Officers gaining the “hero” award recognition from MADD included Dan Chestnut, Manteca PD; Stephen Meece, Ripon PD; Deputy Justin Millmore, Lathrop Police Services; and CHP officer Chris Sexton of the Stockton office of the California Highway Patrol.
Manteca’s Dan Chestnut was lauded for his work ethic by his sergeant Nick Obligacion.  He chooses the absolutely worst shift on graveyard where he produced over a third of all the DUI arrests in his department last year. Of the 302 department-wide DUI arrests for the year, Chestnut logged 108 of them, his sergeant said.  
“He has to be one of the most meticulous report writers in the department,” Obligacion said.  “He has an extremely high conviction rate.  He lost only one jury trial and that was with a driverless vehicle.”     
Ripon’s motorcycle traffic officer Stephen Meece was lauded as being very active with the San Joaquin MADD Community Action Site and he has led other officers in the education of equipment use.
Officer Meece assisted in creating educational material and helped to design and implement a high school DUI crash program. He has logged 40 DUI arrests for the year compared to other officers’ highs of 25 in the history of the department.
Lathrop’s Justin Millmore was credited with making 25 percent of his department’s DUI arrests while handling his normal radio traffic  on routine patrol.  
His supervisors spoke well of his “high level of enthusiasm, energy and work ethic,” along with his commitment to excellence.

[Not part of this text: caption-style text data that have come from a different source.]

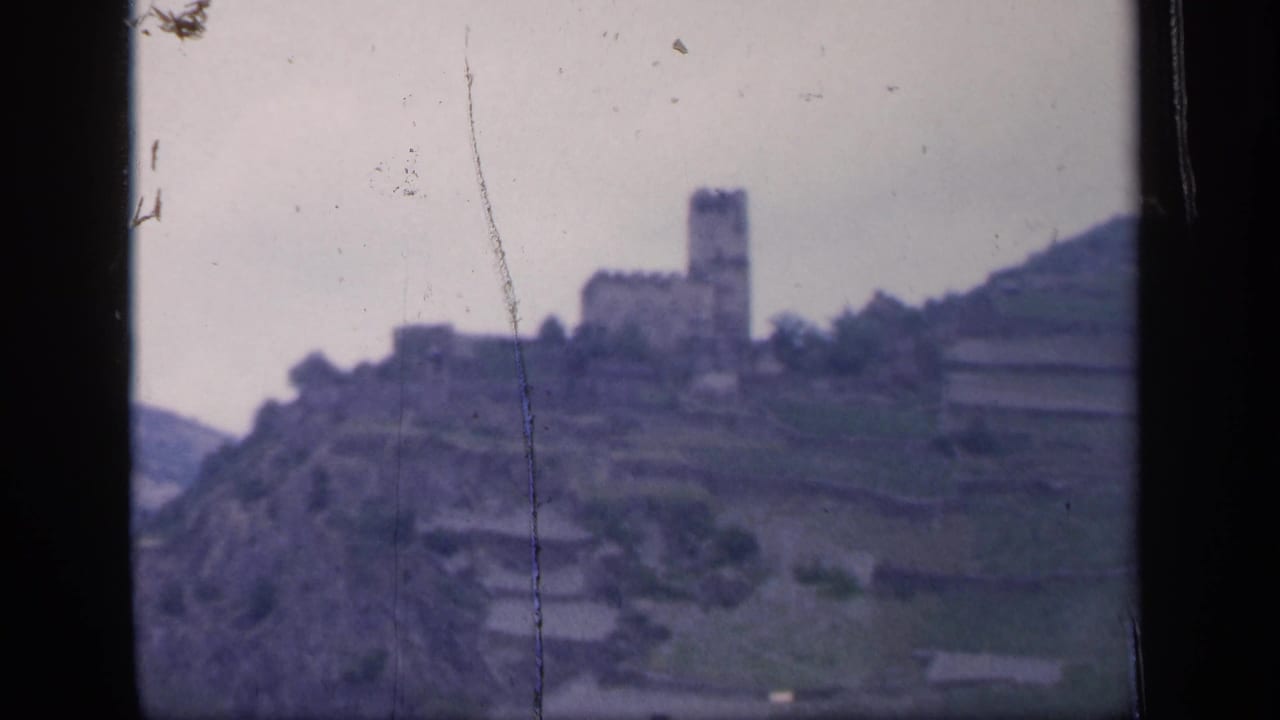 Distant hilltop castle above terraced slopes in a soft 8mm frame.
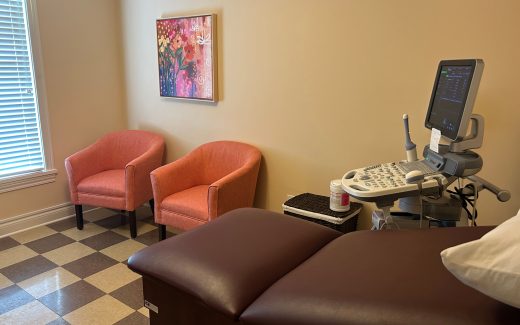 ultrasound room with pink chairs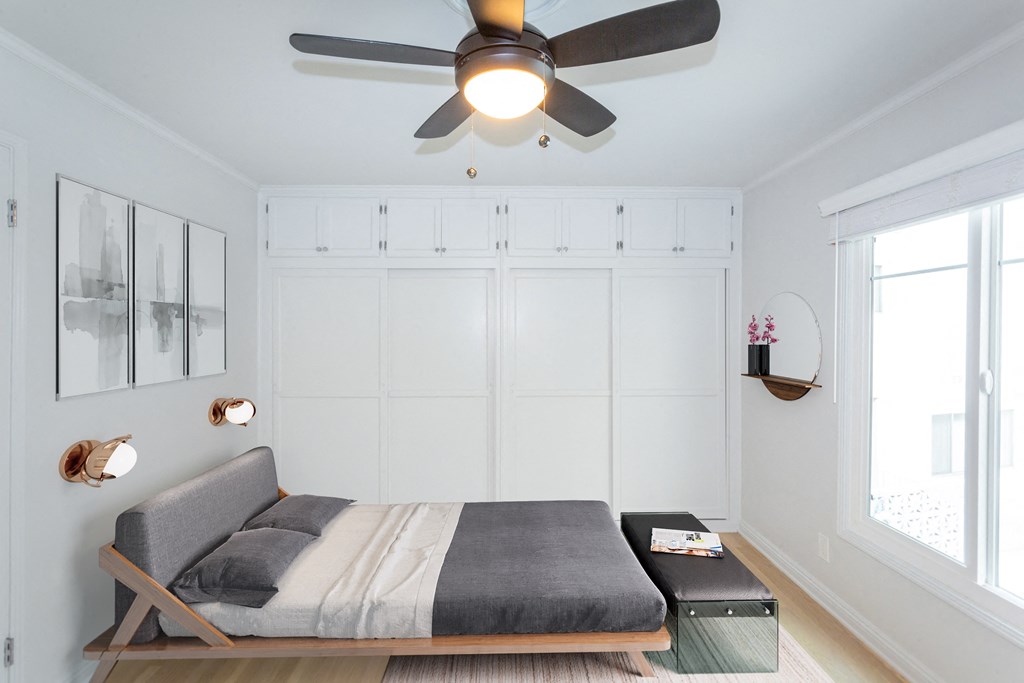 Bright bedroom with full sized bed and modern feel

CHP’s Chris Sexton was lauded for personally arresting 122 drivers from driving under the influence during the last year - with an “outstanding” work ethic. He is credited as being an active and productive member of the highway patrol’s Valley Division Rapid Apprehension of Impaired Drivers (RAID) team and has participated in several Start Smart programs designed for new teen drivers.
One of the grants that helped propel Kahl’s Chula Vista department into winning the agency of the year honors was funded by the Office of Traffic Safety(OTS).

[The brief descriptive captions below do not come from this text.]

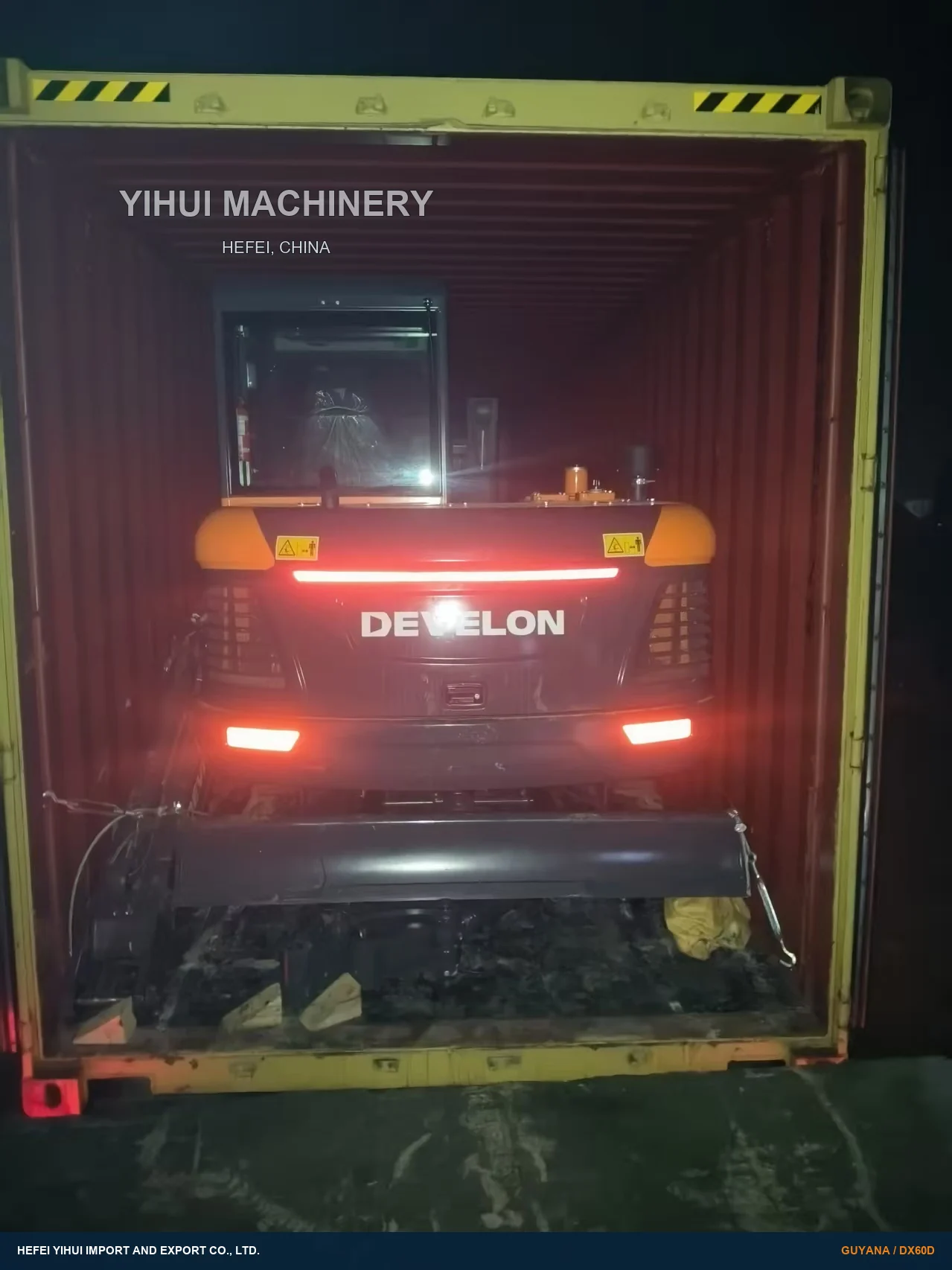 DEVELON excavator positioned inside a high-cube container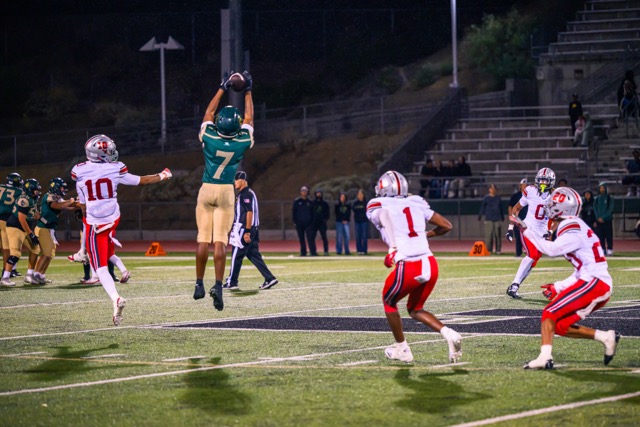 Making plays on both sides of the ball, WR Jacob Arbuckle (7) makes a grab in the middle of the Rancho Verde defense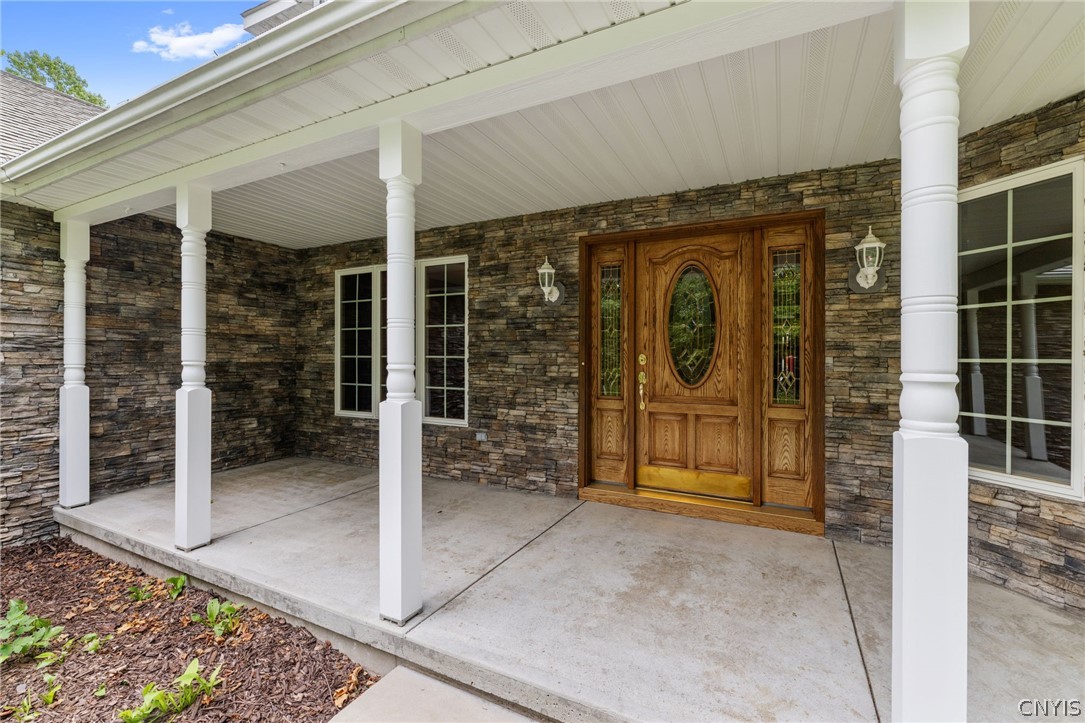 1103 Rail Fence Road Camillus, NY 13031 - Photo 6 of 50 The inviting front porch welcomes you home and is the perfect place to unwind. Imagine relaxing in your rocking chairs with a morning cup of coffee, getting lost in a good book, or ending the day with a glass of wine while taking in the peaceful surroundings.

 It was an effort between all the South Bay agencies in San Diego dedicating a highly experienced and specialized deputy district attorney to prosecute the more difficult and serious misdemeanor and felony DUI cases.
These cases would involve two or more prior DUI convictions,  and first time offender cases involving injury - allowing separate agencies to work together to combat drinking and driving offenders.
To date the grant has supported five operations that have reportedly totaled 35 DUI arrests, one DUI warrant arrest and one drug arrest. Some 17 arrests made in the city of Coronado in just two nights - more than the DUI arrests made on a regular basis in the entire month.
Since the first of 2009 there have been some 35 DUI offenders booked into the Chula Vista jail with a prior conviction. The district attorney assigned to the grant has obtained 64 cases from the agencies involved including 34 felony cases, 22 misdemeanor cases and eight still being reviewed.
Nineteen offenders have plead guilty - 13 felony and six misdemeanor convictions. The average time offenders have “plead out” is to three years.